**Source information:**
+ + + +

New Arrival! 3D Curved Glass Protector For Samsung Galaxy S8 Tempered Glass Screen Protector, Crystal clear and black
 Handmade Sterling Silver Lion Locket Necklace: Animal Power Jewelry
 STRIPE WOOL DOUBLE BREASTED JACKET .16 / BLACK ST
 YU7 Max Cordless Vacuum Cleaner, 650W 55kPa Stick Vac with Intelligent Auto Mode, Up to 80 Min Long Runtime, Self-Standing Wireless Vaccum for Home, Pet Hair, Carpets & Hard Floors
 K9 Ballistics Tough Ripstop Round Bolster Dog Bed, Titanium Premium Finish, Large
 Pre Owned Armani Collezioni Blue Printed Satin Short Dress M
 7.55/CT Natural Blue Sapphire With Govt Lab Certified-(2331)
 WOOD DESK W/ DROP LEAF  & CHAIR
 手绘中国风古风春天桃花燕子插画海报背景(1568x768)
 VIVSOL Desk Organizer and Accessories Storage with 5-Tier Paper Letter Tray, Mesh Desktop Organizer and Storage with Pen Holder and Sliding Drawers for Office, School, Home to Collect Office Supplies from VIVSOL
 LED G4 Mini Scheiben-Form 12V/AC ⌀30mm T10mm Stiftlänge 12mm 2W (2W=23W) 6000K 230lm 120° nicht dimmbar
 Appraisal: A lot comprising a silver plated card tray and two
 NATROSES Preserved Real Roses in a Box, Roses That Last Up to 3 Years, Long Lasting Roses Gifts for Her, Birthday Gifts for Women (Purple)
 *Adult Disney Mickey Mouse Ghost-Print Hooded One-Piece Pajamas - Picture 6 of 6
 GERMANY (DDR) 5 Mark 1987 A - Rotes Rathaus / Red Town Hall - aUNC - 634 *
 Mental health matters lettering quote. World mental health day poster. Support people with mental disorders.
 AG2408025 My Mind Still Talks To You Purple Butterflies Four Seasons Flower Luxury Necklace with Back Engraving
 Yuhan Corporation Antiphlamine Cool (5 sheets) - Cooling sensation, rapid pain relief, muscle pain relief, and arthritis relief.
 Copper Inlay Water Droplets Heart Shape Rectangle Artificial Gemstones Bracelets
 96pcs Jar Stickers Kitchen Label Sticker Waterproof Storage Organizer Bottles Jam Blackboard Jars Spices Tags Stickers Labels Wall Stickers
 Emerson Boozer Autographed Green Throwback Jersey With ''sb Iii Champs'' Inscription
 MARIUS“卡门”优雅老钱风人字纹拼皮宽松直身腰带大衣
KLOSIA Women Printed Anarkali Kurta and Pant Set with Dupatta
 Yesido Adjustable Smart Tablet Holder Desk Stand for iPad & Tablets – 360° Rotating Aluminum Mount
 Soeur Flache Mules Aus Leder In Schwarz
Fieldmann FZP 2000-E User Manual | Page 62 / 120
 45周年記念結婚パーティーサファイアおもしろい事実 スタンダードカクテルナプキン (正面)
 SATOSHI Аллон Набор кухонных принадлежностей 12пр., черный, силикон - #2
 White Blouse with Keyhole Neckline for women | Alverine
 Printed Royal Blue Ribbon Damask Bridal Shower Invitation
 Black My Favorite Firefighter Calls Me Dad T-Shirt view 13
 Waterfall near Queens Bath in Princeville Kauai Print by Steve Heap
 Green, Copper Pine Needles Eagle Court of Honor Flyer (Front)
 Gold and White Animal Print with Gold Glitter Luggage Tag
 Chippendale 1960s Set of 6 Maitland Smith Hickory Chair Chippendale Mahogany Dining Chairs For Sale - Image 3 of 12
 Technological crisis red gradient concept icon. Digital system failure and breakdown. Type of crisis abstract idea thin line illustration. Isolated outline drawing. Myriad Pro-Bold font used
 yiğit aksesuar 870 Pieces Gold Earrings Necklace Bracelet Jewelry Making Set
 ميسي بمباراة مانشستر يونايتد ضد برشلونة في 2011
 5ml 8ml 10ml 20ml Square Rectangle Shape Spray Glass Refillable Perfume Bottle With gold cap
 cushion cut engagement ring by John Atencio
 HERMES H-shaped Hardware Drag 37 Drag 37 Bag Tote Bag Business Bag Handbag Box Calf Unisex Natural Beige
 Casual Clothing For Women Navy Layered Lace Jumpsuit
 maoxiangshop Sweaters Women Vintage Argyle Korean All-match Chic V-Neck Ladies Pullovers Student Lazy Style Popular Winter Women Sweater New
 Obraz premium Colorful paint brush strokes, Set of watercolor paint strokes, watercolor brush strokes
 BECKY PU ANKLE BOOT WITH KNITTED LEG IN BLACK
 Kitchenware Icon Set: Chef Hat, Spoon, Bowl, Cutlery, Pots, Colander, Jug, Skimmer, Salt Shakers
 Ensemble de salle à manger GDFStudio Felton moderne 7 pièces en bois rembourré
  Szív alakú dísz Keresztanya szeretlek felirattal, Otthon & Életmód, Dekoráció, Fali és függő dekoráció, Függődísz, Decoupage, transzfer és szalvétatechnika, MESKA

+ + + +

Locate the word "Glass" in the records and collect each line it appears in.

**Exercise response:**
New Arrival! 3D Curved Glass Protector For Samsung Galaxy S8 Tempered Glass Screen Protector, Crystal clear and black
 5ml 8ml 10ml 20ml Square Rectangle Shape Spray Glass Refillable Perfume Bottle With gold cap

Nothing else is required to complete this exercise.